**Directions:**
In the entries below, repeat only the lines between those holding "Guild D-140 Nat Westerly Guild" and "Платье Answear.LAB casual", inclusive. Leave pictures out.

**Source information:**
========

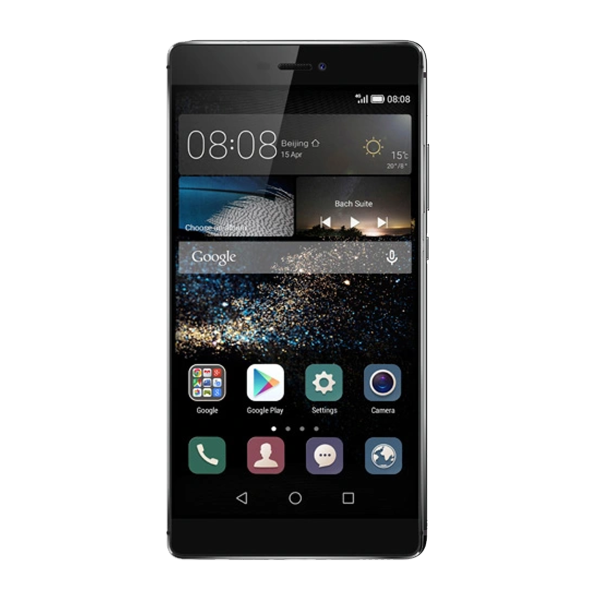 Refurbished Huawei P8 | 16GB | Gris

========

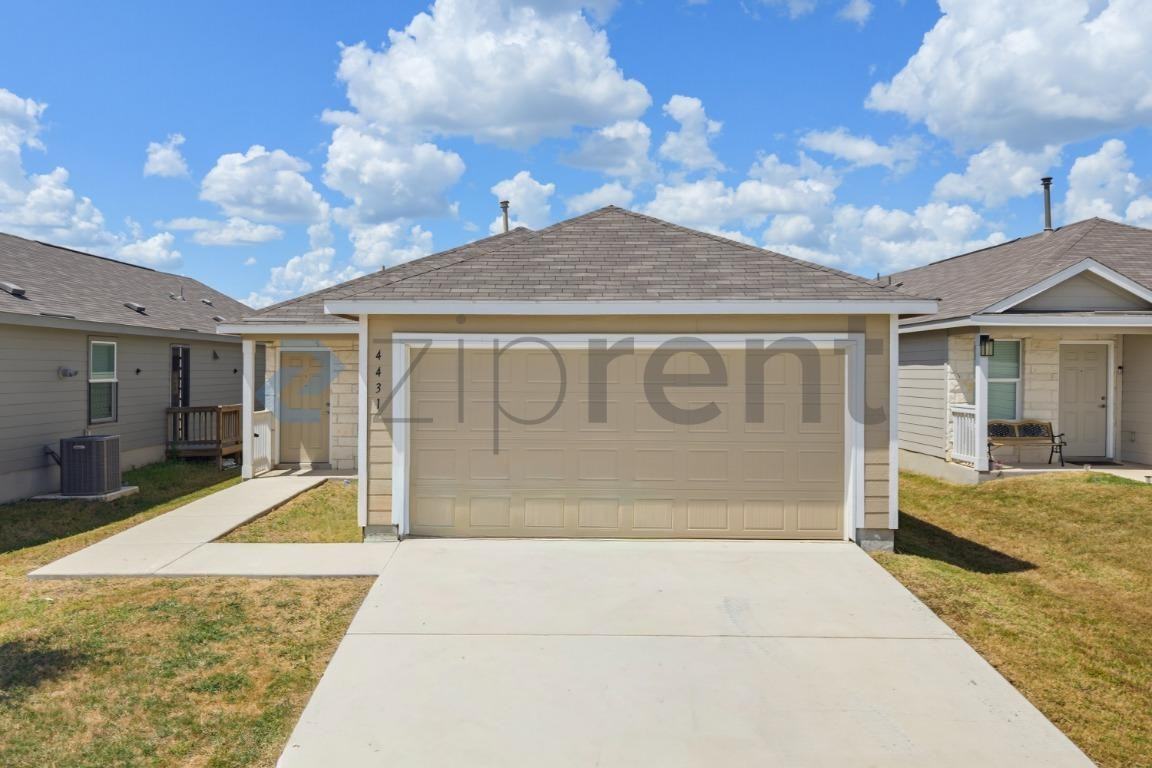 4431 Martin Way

========

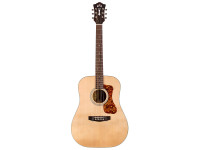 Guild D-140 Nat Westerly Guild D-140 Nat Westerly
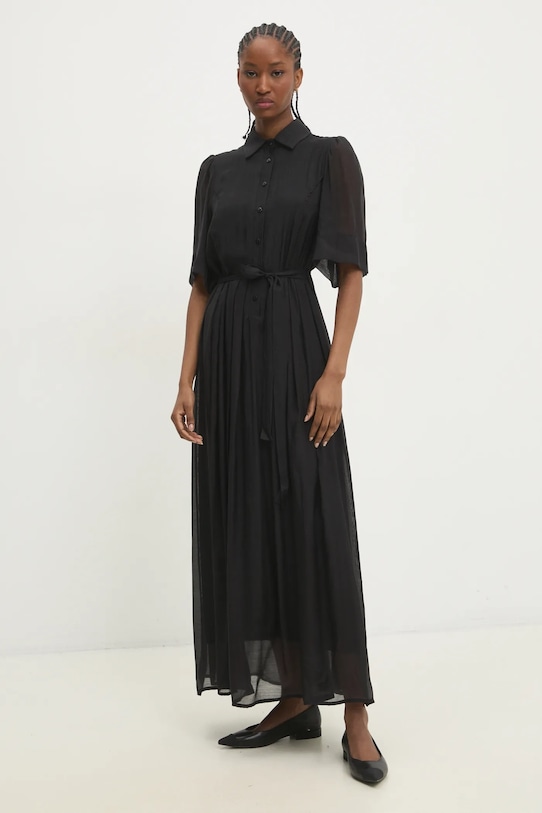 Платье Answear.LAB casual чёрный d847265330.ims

========

**Response box:**
 Guild D-140 Nat Westerly Guild D-140 Nat Westerly
 Платье Answear.LAB casual чёрный d847265330.ims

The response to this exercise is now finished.